Complementing the understanding of the political situation is an appreciation of 18th century society. Again, I cannot be sure, but the presentation is persuasive. There is, for example, the account of a dinner in Roger’s home:

For a first course Lady Marie gave them a dish of perch and trout, another of lobster patties, three fowls broiled, a fore-quarter of lamb, and a fillet of veal roasted with Morella Cherries and truffles. And for a second course, sweetbreads, a green goose roasted and peas, a pigeon pie, apricot tart, cheesecakes, and a trifle. … The meal was good, but by no means pretentious as nine dishes to each course were often served in larger houses and even when alone few of those present ever sat down in their own homes to a dinner of less than a single course of five.

The Launching of Roger Brook, chapter 3, Kindle edition.

There are duels, and the etiquette governing them, without which no 18th century yarn is complete.

‘… We cannot fight like this. If one of us were killed the other would be taken for murder. If fight we must at least proceed like gentlemen and arrange a proper duel with seconds as witnesses, in the morning.’

The Launching of Roger Brook, chapter 8, Kindle edition.

‘… I intend to waylay him somewhere, disclose my true status to him, and call on him to fight a duel à outrance. My difficulty is that he may not believe me; and you are the only man in France who can convince him that I am of noble blood.’

The Launching of Roger Brook, chapter 21, Kindle edition.

The mixing of real and fictional characters helps too. At the dinner mentioned above is Edward Gibbon, whose Decline and Fall of the Roman Empire Roger has just read. The diplomat Talleyrand, one of the few men to serve both the French monarchy and republic, becomes Roger’s friend, and Fouché, later Napoleon’s Minister of Police, an enemy. The hapless and, in this account at least, well-meaning Louis XVI and Marie Antoinette attend a grand ball held by Roger’s employer. At one point Roger returns home and briefs Prime Minister William Pitt. The join between fiction and fact is invisible.

Dennis Wheatley, photographed in 1975 by Allan Warren (reproduced under the GNU Free Documentation License)

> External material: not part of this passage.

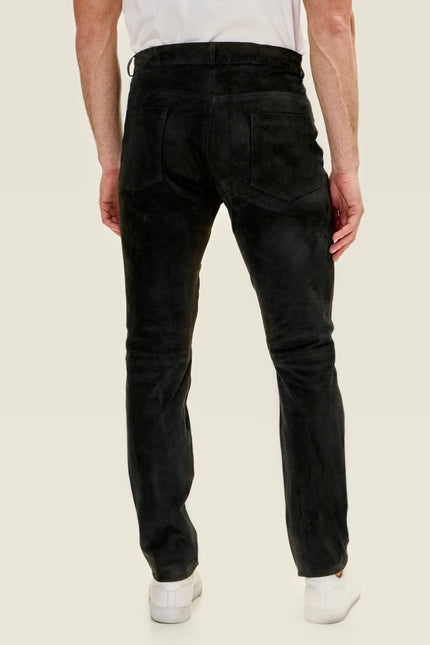 Lambskin Suede Pants - Black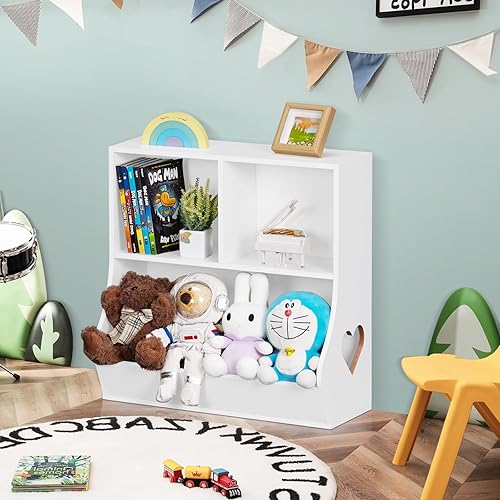 Miniatura 6 de Lerliuo Estantería y organizador de almacenamiento para bebés y niños pequeños, gabinete y estantería para niños, estante de madera con 3 cubos para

There can be too much of a good thing, of course, and this ripping yarn occasionally slows as detail obscures story. Roger’s journey to France, the brothel he is taken to, his adventures with Doctor Fénelon, a duel he fights – they all last a little too long. Perhaps Dennis Wheatley found it hard to omit any research, so fascinating was it. Or there may be a twist too many in the plot, as for example when Roger meets someone quite unexpected, which results in a couple of frantic chapters.

The unrestrained prose sometimes gets in the way too:

‘… You’re wondrous beautiful, and if I feel not love for you I know not what it is. Your kisses fire me as naught else has ever done, and I would give my life to protect your happiness.’

‘Nay, sweet Roger. ‘Tis you who are being foolish now, and we are pledged to something far more lasting than a summer’s passion, Kiss me now and go. May God protect you.’

Once more her soft arms were round his neck and their mouths crushed together. Then she broke from him and, stifling a sob, turned away.

The Launching of Roger Brook, chapter 5, Kindle edition.

If this were all, we could still enjoy the ripping yarn told by a gifted storyteller. What makes that difficult today is the dated attitudes in the novel.  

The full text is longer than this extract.